Nobukazu Hirai

Personal information
- Born: December 30, 1969 (age 56) Meguro, Tokyo, Japan

Professional wrestling career
- Ring name(s): Nobukazu Hirai Mitsu Hirai Jr. Hate Super Hate
- Billed height: 1.85 m (6 ft 1 in)
- Billed weight: 85 kg (187 lb)
- Trained by: Genichiro Tenryu SWS Dojo
- Debut: April 25, 1991

= Nobukazu Hirai =

Japanese professional wrestler (born 1969)
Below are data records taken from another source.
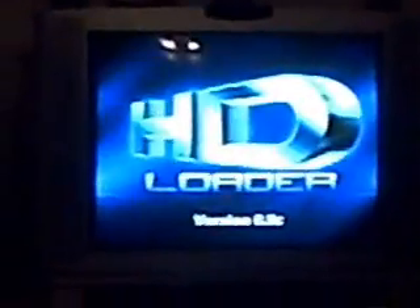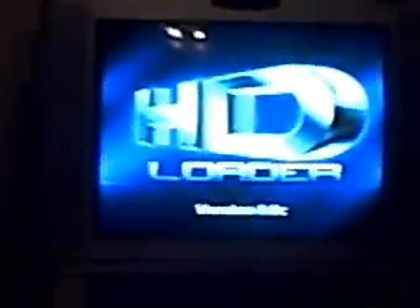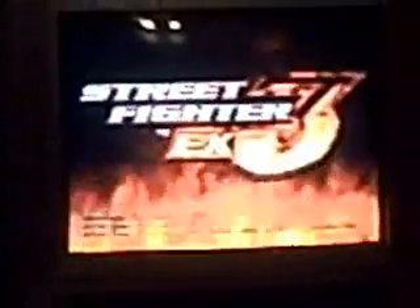I'm gonna press square for HD Loader. I have a platform of games loaded up right now. I'll show y'all my game list sometime later. For example, we're gonna run a game now — it comes up very fast due to it loading off the hard drive.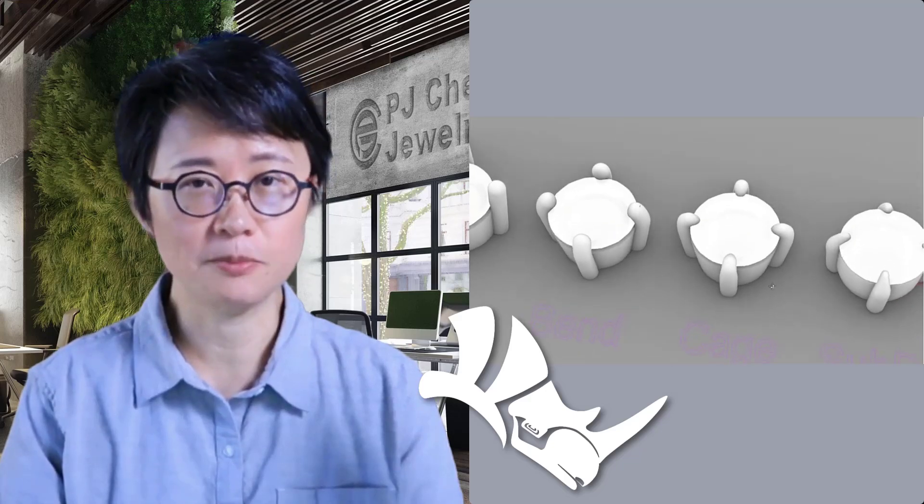Welcome back to PJ Chen Design. This is PJ. Today I would like to show you how to bend the prong in the Rhino 3D program so that will make your rendering look realistic and look much nicer.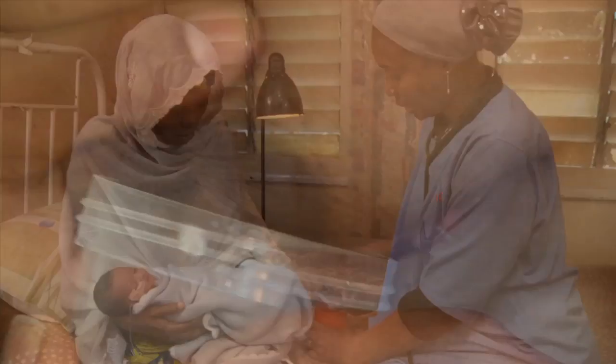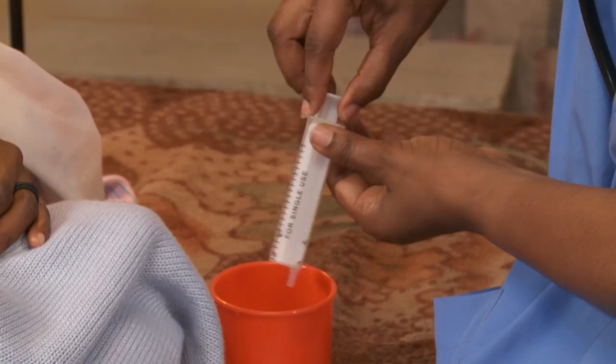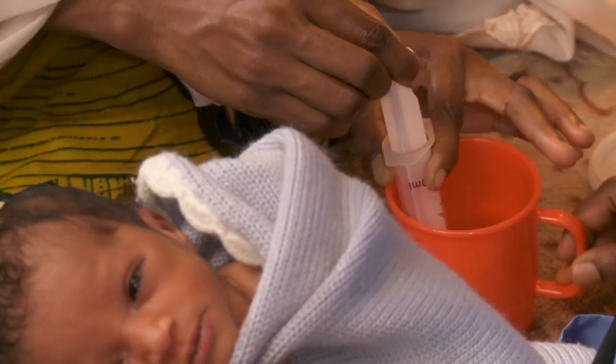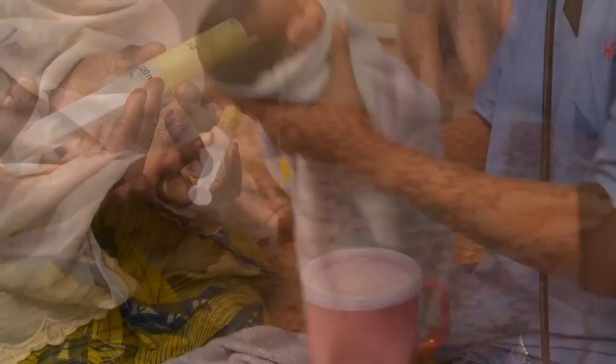Show her how to use the syringe to draw up the milk, and give her positive encouragement as she learns to feed her baby in this new way. Always check the location of the mark on the tube before each feed.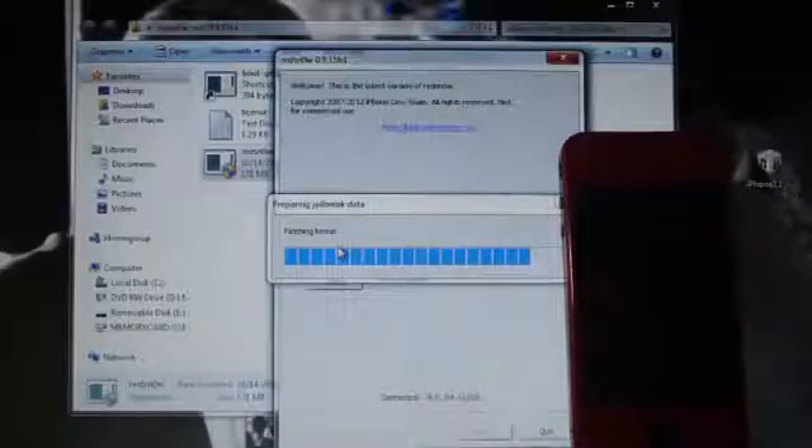I'm going to be using my iPhone 4 on this video, just in case you guys were wondering. As you can see, you do have the option to install Cydia. Check Cydia, click Next, and put your device into DFU mode.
Nobukazu Hirai (born December 30, 1969) is a Japanese professional wrestler best known for competing in All Japan Pro Wrestling. He is the son of former Japan Pro Wrestling Alliance wrestler Mitsu Hirai.
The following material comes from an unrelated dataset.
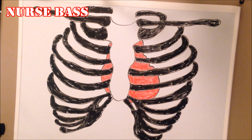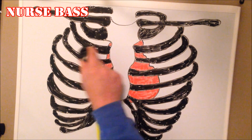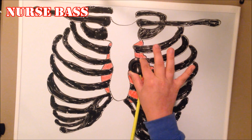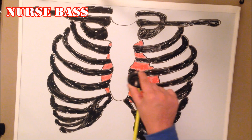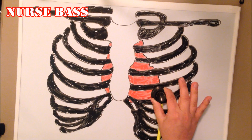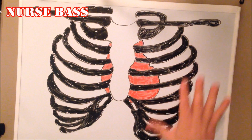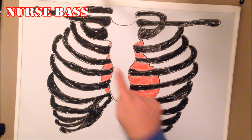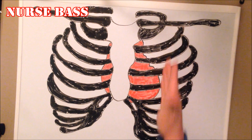Let's go through it one more time: Aortic — right sternal border, second intercostal space. Pulmonic — left sternal border, second intercostal space. Erb's — left sternal border, third intercostal space. Tricuspid — left sternal border, fourth intercostal space. Mitral — mid-clavicular line, fifth intercostal space. The simple way to remember: from Aortic, go over to Pulmonic, go down to Erb's, go down to Tricuspid, then over for Mitral.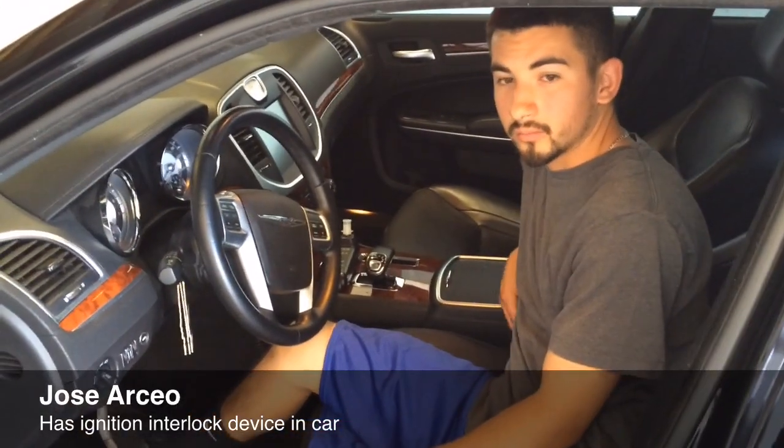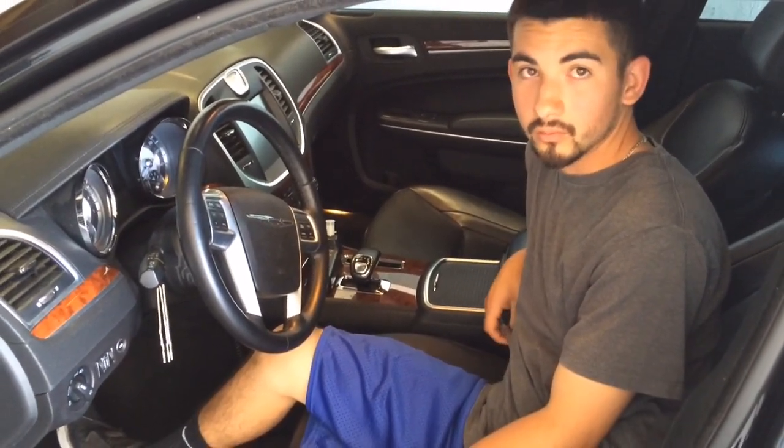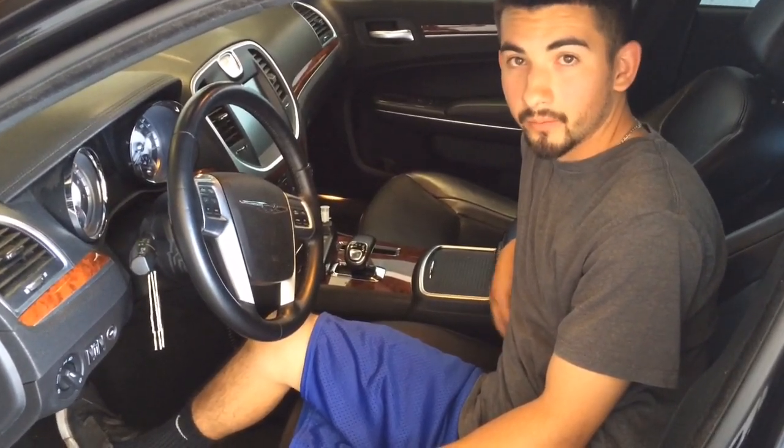My name is Joseo and I have an interlock ignition lock device installed. When did you get that device? Last month, May. How long do you have to have it? For a year.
==Professional wrestling career==
===Super World Sports (1991–1992)===
Hirai originally trained in the SWS dojo under wrestling legend: Genichiro Tenryu and debuted for Super World Sports on April 25, 1991. During his time in SWS, Hirai was never pushed as he spent the time paying his dues and gaining experience. Hirai would remain with SWS until it folded in June 1992.

===WAR (1992–2000)===
After SWS folded, Hirai joined Tenryu's new promotion: WAR. In WAR, Hirai continued to remain in the midcard for most of the early-to mid 1990s. While working in WAR, Hirai also made appearances in New Japan Pro-Wrestling. In March 1994, Hirai took part in New Japan's Young Lion Cup defeating Tatsuhito Takaiwa in the first round but would unable to win the tournament with Satoshi Kojima eventually emerging as the winner. In May 1994, Hirai participated in a few live events for the WWF during their Japanese tour as he took on wrestlers such as Doink the Clown, Headshrinker Samu, and The Smoking Gunns. He also took part in a Royal Rumble.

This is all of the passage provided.